Poster B130, Sunday, March 26, 8:00 – 10:00 am, Pacific Concourse
It's the Right Cue: Hemispheric Differences in Predictive Processing of Natural Scenes.
Manoj Kumar1, Yanqi Zhang1, Diane M. Beck1, Kara D. Federmeier1; 1University of Illinois at Urbana-Champaign
Imaging studies have revealed hemispheric asymmetries in the processing of natural scenes, with the left hemisphere (LH) showing sensitivity to scene category but not identity and the right (RH) showing sensitivity to both identity and category (Stevens et al., 2012). However, little is known about the processing dynamics underlying such asymmetries, including each hemisphere’s sensitivity to perceptual regularities and to contextual information that may be predictive of scene category. To address this, we manipulated both scene representativeness (good/bad exemplars) and expectancy (match/mismatch to a prior verbal category cue) and measured event-related potentials (ERPs) while participants viewed presentations, to the left visual field (LVF) and right visual field (RVF), of scenes from six categories: beaches, city streets, forests, highways, mountains and offices. Both hemispheres showed similar sensitivity to scene representativeness, with larger N300 responses (an ERP component linked to high-level perceptual processing) for bad than good exemplars. However, there were notable asymmetries in the time-course of sensitivity to cuing.
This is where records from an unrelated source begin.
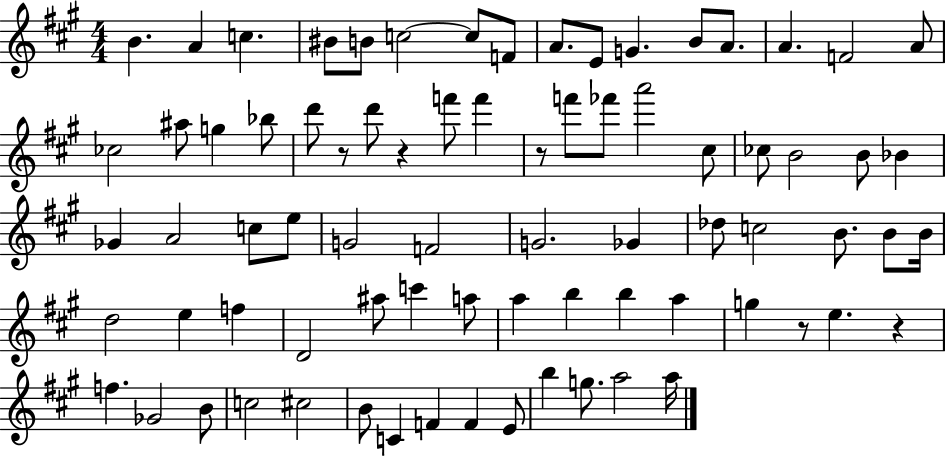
{
  \clef treble
  \numericTimeSignature
  \time 4/4
  \key a \major
  b'4. a'4 c''4. | bis'8 b'8 c''2~~ c''8 f'8 | a'8. e'8 g'4. b'8 a'8. | a'4. f'2 a'8 | \break ces''2 ais''8 g''4 bes''8 | d'''8 r8 d'''8 r4 f'''8 f'''4 | r8 f'''8 fes'''8 a'''2 cis''8 | ces''8 b'2 b'8 bes'4 | \break ges'4 a'2 c''8 e''8 | g'2 f'2 | g'2. ges'4 | des''8 c''2 b'8. b'8 b'16 | \break d''2 e''4 f''4 | d'2 ais''8 c'''4 a''8 | a''4 b''4 b''4 a''4 | g''4 r8 e''4. r4 | \break f''4. ges'2 b'8 | c''2 cis''2 | b'8 c'4 f'4 f'4 e'8 | b''4 g''8. a''2 a''16 | \break \bar "|."
}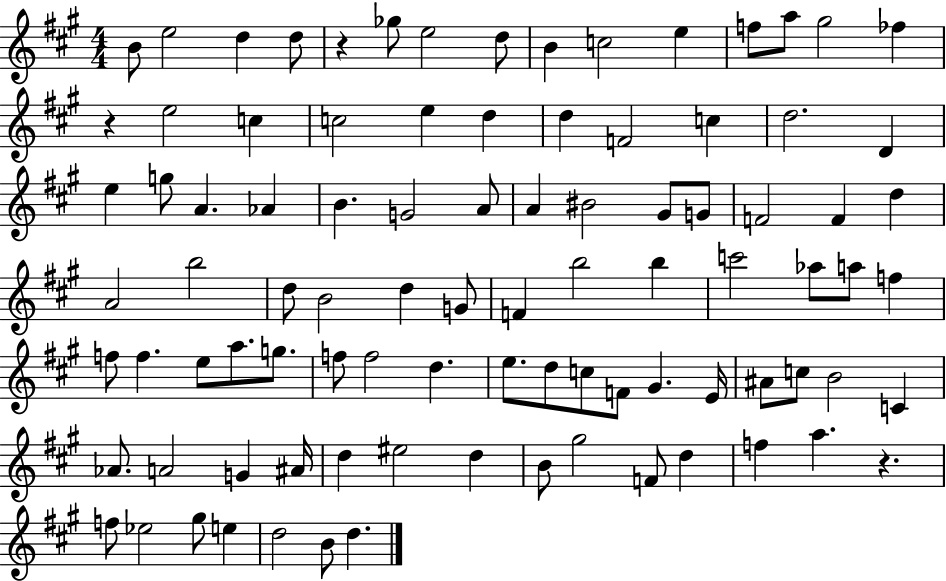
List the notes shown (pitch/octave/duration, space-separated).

B4/e E5/h D5/q D5/e R/q Gb5/e E5/h D5/e B4/q C5/h E5/q F5/e A5/e G#5/h FES5/q R/q E5/h C5/q C5/h E5/q D5/q D5/q F4/h C5/q D5/h. D4/q E5/q G5/e A4/q. Ab4/q B4/q. G4/h A4/e A4/q BIS4/h G#4/e G4/e F4/h F4/q D5/q A4/h B5/h D5/e B4/h D5/q G4/e F4/q B5/h B5/q C6/h Ab5/e A5/e F5/q F5/e F5/q. E5/e A5/e. G5/e. F5/e F5/h D5/q. E5/e. D5/e C5/e F4/e G#4/q. E4/s A#4/e C5/e B4/h C4/q Ab4/e. A4/h G4/q A#4/s D5/q EIS5/h D5/q B4/e G#5/h F4/e D5/q F5/q A5/q. R/q. F5/e Eb5/h G#5/e E5/q D5/h B4/e D5/q.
With LVF (RH) presentation, cuing effects emerged early (150-200 ms), in the form of an enhanced P2 response to good scenes that mismatched (versus matched) the cues. In contrast, cuing effects for RVF (LH) presentation did not emerge until 300-350 ms, in the form of modulations of the N300 (smaller for good matches). The results suggest a RH superiority for using context to prepare perceptual templates in anticipation of upcoming scene information and rapidly matching those templates with incoming perceptual information.